Dataset records: Begin
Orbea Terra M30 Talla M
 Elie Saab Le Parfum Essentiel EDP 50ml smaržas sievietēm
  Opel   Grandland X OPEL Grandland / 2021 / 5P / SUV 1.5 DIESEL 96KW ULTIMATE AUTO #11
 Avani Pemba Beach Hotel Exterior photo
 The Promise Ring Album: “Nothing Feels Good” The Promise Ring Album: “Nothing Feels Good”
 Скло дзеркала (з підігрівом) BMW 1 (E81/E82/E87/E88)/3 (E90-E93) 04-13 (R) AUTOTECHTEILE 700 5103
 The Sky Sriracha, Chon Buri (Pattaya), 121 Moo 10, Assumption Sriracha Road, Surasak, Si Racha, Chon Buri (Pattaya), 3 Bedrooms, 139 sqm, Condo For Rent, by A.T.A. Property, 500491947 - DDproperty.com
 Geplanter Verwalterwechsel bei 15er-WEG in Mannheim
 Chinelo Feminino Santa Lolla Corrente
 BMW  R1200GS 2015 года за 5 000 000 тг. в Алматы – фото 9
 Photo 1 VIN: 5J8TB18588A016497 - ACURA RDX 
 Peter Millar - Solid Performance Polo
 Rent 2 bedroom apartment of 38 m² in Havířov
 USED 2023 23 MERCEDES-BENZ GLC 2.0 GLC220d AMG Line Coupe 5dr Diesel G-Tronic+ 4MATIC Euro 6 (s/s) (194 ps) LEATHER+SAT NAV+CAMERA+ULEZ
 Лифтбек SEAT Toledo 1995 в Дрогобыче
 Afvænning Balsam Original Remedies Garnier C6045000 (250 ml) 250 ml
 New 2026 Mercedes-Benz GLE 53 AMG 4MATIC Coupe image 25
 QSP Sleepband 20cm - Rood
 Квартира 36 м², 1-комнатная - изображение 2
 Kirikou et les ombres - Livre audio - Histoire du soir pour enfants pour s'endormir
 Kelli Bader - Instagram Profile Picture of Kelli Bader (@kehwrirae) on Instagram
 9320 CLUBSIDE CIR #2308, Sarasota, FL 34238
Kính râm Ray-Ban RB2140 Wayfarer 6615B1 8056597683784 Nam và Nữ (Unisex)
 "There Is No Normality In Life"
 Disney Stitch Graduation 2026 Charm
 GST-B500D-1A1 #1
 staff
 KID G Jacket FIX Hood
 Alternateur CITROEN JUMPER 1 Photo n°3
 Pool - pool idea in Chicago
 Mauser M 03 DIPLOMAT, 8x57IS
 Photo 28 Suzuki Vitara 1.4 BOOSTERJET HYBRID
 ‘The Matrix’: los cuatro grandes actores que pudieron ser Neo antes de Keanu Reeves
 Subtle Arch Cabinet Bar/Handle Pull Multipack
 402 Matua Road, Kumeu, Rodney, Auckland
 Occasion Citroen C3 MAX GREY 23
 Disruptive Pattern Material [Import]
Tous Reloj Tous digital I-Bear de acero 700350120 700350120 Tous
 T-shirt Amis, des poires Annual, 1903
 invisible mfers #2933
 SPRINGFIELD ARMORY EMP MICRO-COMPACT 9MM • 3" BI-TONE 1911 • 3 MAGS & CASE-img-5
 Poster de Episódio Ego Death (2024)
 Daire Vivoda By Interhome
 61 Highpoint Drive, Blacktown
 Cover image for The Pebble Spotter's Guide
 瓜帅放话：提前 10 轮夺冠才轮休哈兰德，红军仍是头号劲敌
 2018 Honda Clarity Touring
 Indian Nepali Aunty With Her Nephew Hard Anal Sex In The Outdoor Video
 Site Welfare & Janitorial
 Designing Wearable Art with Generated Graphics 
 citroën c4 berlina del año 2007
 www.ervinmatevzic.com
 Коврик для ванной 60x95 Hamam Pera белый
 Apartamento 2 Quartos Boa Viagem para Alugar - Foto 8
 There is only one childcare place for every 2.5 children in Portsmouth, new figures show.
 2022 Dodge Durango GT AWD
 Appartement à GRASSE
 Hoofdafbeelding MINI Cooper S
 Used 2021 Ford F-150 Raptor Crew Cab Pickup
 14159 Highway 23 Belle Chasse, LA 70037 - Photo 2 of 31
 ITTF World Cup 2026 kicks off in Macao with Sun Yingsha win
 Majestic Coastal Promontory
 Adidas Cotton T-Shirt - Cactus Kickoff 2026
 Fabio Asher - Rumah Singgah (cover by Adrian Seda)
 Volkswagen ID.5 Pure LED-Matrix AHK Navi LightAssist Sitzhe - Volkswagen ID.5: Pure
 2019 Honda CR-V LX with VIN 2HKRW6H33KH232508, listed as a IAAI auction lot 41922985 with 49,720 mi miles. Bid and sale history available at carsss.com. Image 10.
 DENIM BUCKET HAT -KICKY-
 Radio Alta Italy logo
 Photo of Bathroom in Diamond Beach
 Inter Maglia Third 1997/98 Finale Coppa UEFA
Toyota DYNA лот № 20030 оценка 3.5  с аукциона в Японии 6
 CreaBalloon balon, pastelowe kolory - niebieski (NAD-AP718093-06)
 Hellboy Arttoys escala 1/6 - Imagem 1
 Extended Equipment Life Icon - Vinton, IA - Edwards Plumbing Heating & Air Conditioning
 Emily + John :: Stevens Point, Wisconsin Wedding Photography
Dataset records: End
- Work instruction -
Your answer should hold exactly the lines from the one containing "citroën c4 berlina del año 2007" to the last line of the data, both included, and no others.

- Solved problem -
 citroën c4 berlina del año 2007
 www.ervinmatevzic.com
 Коврик для ванной 60x95 Hamam Pera белый
 Apartamento 2 Quartos Boa Viagem para Alugar - Foto 8
 There is only one childcare place for every 2.5 children in Portsmouth, new figures show.
 2022 Dodge Durango GT AWD
 Appartement à GRASSE
 Hoofdafbeelding MINI Cooper S
 Used 2021 Ford F-150 Raptor Crew Cab Pickup
 14159 Highway 23 Belle Chasse, LA 70037 - Photo 2 of 31
 ITTF World Cup 2026 kicks off in Macao with Sun Yingsha win
 Majestic Coastal Promontory
 Adidas Cotton T-Shirt - Cactus Kickoff 2026
 Fabio Asher - Rumah Singgah (cover by Adrian Seda)
 Volkswagen ID.5 Pure LED-Matrix AHK Navi LightAssist Sitzhe - Volkswagen ID.5: Pure
 2019 Honda CR-V LX with VIN 2HKRW6H33KH232508, listed as a IAAI auction lot 41922985 with 49,720 mi miles. Bid and sale history available at carsss.com. Image 10.
 DENIM BUCKET HAT -KICKY-
 Radio Alta Italy logo
 Photo of Bathroom in Diamond Beach
 Inter Maglia Third 1997/98 Finale Coppa UEFA
Toyota DYNA лот № 20030 оценка 3.5  с аукциона в Японии 6
 CreaBalloon balon, pastelowe kolory - niebieski (NAD-AP718093-06)
 Hellboy Arttoys escala 1/6 - Imagem 1
 Extended Equipment Life Icon - Vinton, IA - Edwards Plumbing Heating & Air Conditioning
 Emily + John :: Stevens Point, Wisconsin Wedding Photography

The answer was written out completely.